Pada ayat 102 disebutkan bahwa Nabi Ibrahim bertanya langsung dengan melakukan dialog langsung dengan sang anak yaitu Nabi Ismail tentang mimpinya tersebut dan tampak, "Wahai anakku, sesungguhnya aku bermimpi bahwa aku menyembelihmu. Pikirkanlah apa pendapatmu?" . Nabi Ismail pun juga segera memberikan tanggapan dengan menyetejui perintah yang Allah berikan melalui mimpi sang ayah. Dialog tersebut di perjelas dengan balasan Nabi Ismail AS terhadap pertanyaan sang ayah dengan kalimat " Wahai ayahku, lakukanlah apa yang diperintahkan (Allah) kepadamu! Insyaallah engkau akan mendapatiku termasuk orang-orang sabar".[5]
Selain dialog dua arah, dalam QS. As-Shaffat ayat 104, juga terdapat dialog berupa monolog yang dapat dilihat dari kata yang merupakan fi'il madhi yang dimasuki dhamir muttasil hu (dia laki-laki). Dalam konteks situasi dari ayat ini ialah ketika Nabi Ibrahim AS dan Nabi Ismail As sudah berserah diri kepada Allah dan tunduk pada kehendak-Nya.
QS. Ash-Shaffat ayat 105 "sungguh, engkau telah membenarkan mimpi itu." Sesungguhnya demikianlah kami memberi balasan kepada orang-orang yang berbuat kebaikan". Dalam konteks bahasa kata berarti membenarkan dan merupakanfiil madhi yang dimasuki dhamir muttasil "ta" (kamu). Detail situasi ayat ini iyalah perbuatan Nabi Ibrahim merupakan ketaatan yang tulus terhadap perintah dan ketetapan Allah.
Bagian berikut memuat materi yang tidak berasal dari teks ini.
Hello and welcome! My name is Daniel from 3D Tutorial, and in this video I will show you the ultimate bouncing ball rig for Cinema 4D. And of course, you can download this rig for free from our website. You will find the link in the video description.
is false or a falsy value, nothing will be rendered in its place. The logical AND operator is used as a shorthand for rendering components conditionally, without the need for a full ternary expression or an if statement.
QS. As-Shaffat ayat 106 "Sesungguhnya ini benar-benar suatu ujian yang nyata". Dalam konteks situasi ayat ini menjelaskan bahwa dalam ayat tersebut menegaskan peristiwa yang dialami Ibrahim dan putranya merupakan cobaan yang sangat berat. Selanjutnya, dalam QS. As-Shaffat ayat 107, "Kami menebusnya dengan seekor (hewan) sembelihan yang besar". Dalam konteks situasi ayat ini menjelaskan bahwa Nabi Ismail a.s. yang semula dijadikan kurban untuk menguji ketaatan Nabi Ibrahim a.s., diganti Allah SWT. dengan seekor domba besar putih dan sehat. Dalam konteks budaya peristiwa penyembelihan kambing oleh Nabi Ibrahim As ini yang menjadi dasar ibadah kurban untuk mendekatkan diri kepada Allah, yang kemudian dilanjutkan dalam syariat Nabi Muhammad.
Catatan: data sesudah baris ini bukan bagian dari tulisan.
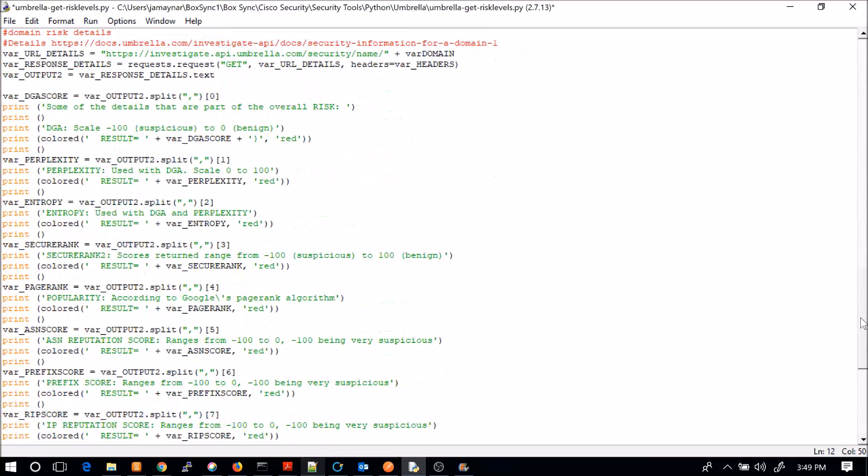And this is that last section here where we're now, again, calling a different URL for some specific information that's going to pull out around security. So this is going to be things like the DGA score. And I mentioned that in the first part of the video, where we talk about domain generated algorithms. It tells you whether or not minus 100 to zero, which one's worse. And then perplexity and entropy are both used as part of DGA. So when this is zero, this might be very low as well. But anyway, secure rank. Scores return from minus 100 to 100. Again, just it gives you insight into what might be taking place.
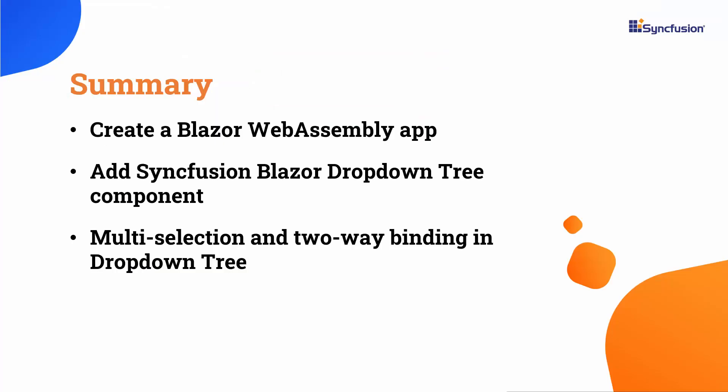Now let me summarize what I covered in this video. I covered creating a Blazor WebAssembly app, installing NuGet packages, and implementing Syncfusion Blazor drop-down tree with multi-selection and two-way binding.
Berdasarkan kisah penyembelihan Nabi Ismail a.s., kita dapat melihat sikap Nabi Ibrahim a.s., sebagai orang tua yang memilih berdialog langsung untuk memberitahu Ismail tentang mimpinya agar dapat dipahami oleh Ismail yang masih kecil. Dalam dialog yang terjadi, Nabi Ibrahim a.s. telah meminimalisasi sikap otoritatifnya sebagai orang tua dalam pengambilan keputusan, yaitu dengan memahami persepsi psikologis anaknya. Implikasinya, Ismail menganggap keterlibatannya dalam keputusan ini merupakan kebebasan yang harus diterima dengan penuh tanggung jawab dan menunjukkan sikap patuh dan tunduk atas perintah penyembelihan itu. Kebebasan memilih yang ditawarkan Ibrahim kepada Ismail tidak membuat Ismail mengedepankan keingina n pribadinya untuk menyelamatkan diri dari maut. Sebaliknya, dengan percaya diri dan optimis mempersilahkan sang ayah untuk melaksanakan perintah tersebut. Hal ini terjadi karena dalam diri Ismail terdapat keyakinan akan keberhasilan apa yang dilakukannya. Ismail yakin akan dapat melampaui ujian itu, seraya mendapatkan kemenangan yang gemilang, karena termasuk orang- orang yang sabar.